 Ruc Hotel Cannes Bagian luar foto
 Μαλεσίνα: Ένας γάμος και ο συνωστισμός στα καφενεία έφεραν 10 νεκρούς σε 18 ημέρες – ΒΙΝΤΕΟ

...

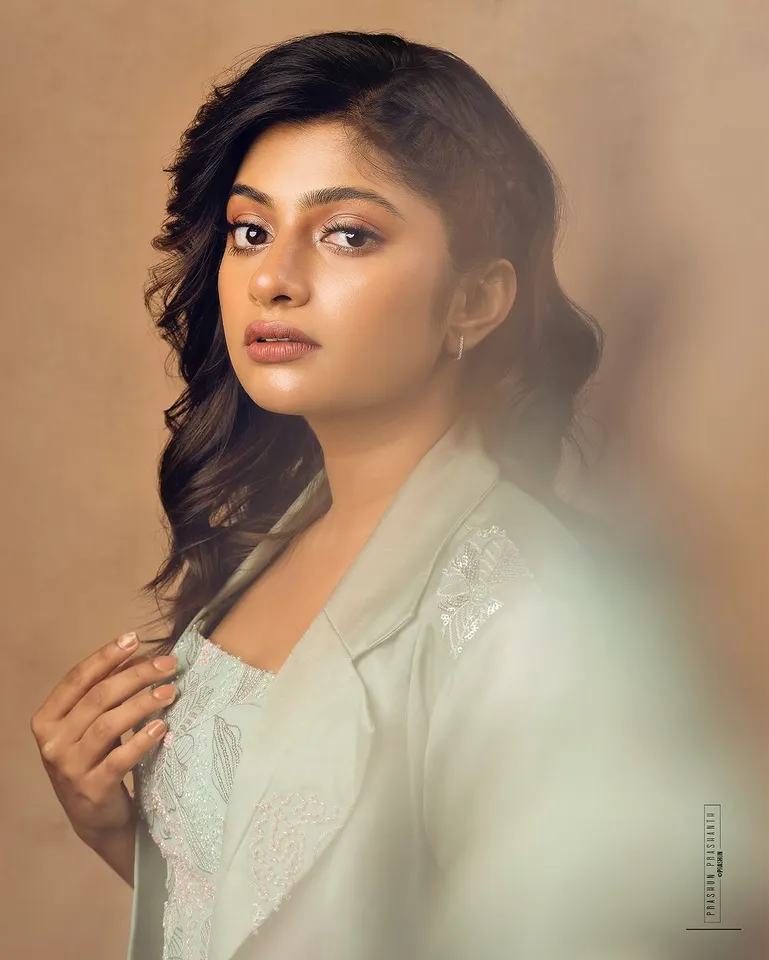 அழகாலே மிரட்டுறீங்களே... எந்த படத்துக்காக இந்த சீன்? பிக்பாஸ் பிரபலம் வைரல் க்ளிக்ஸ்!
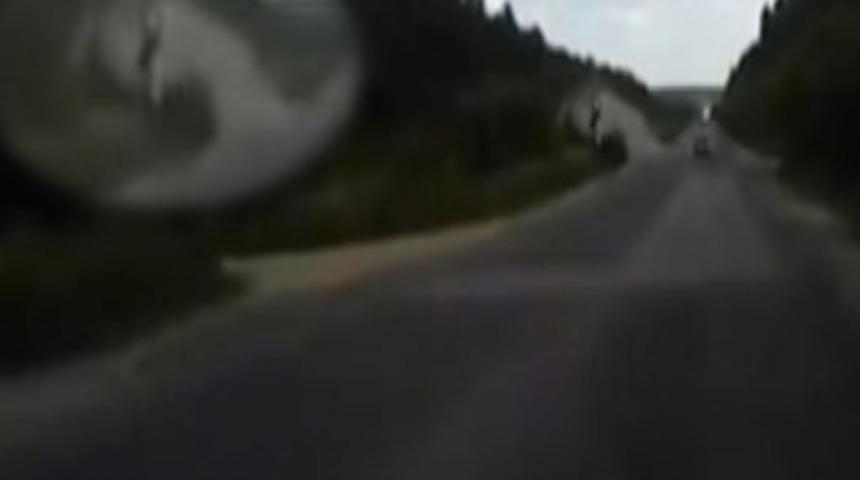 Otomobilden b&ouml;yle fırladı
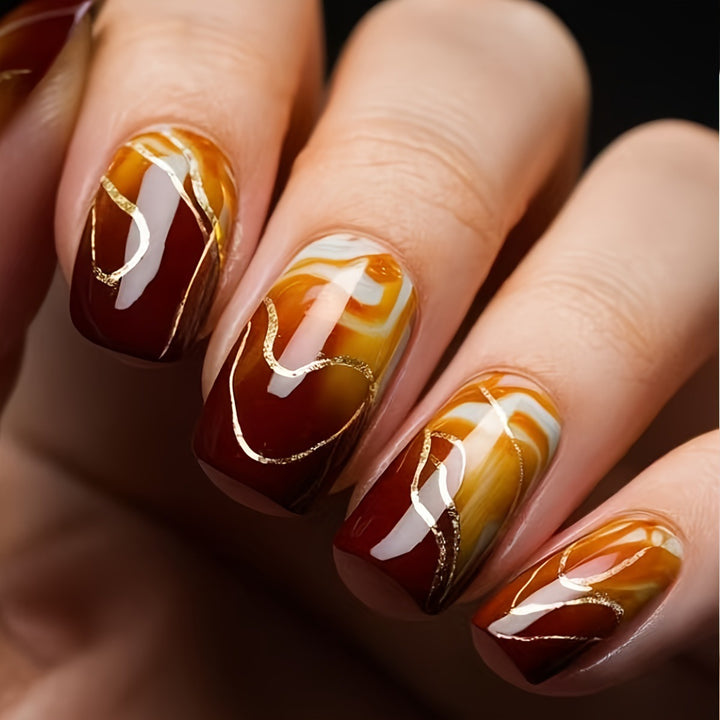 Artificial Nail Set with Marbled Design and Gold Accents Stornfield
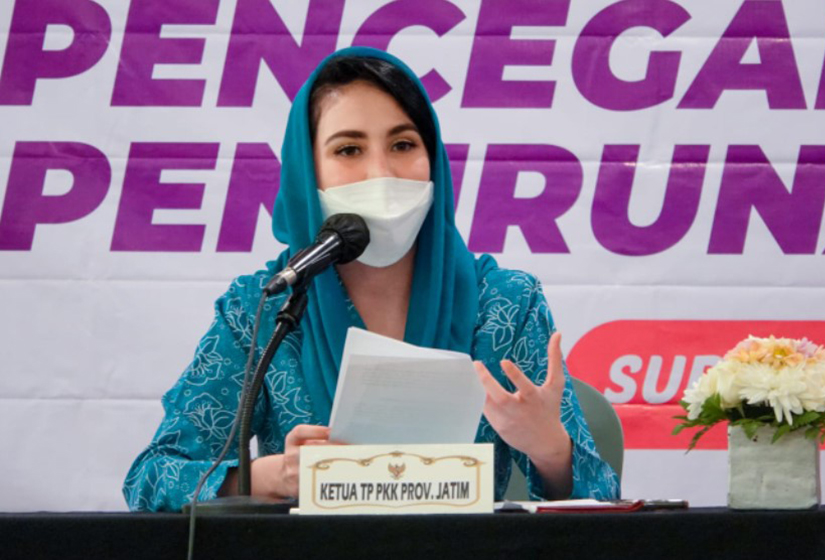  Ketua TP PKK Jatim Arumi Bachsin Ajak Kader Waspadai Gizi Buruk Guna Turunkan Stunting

> EXERCISE DETAILS:
What is needed is an exact copy of the lines above, from the one containing "Ruc Hotel Cannes Bagian luar foto" through the one containing "Μαλεσίνα: Ένας γάμος", with nothing added.

> OUTPUT OF THE EXERCISE:
 Ruc Hotel Cannes Bagian luar foto
 Μαλεσίνα: Ένας γάμος και ο συνωστισμός στα καφενεία έφεραν 10 νεκρούς σε 18 ημέρες – ΒΙΝΤΕΟ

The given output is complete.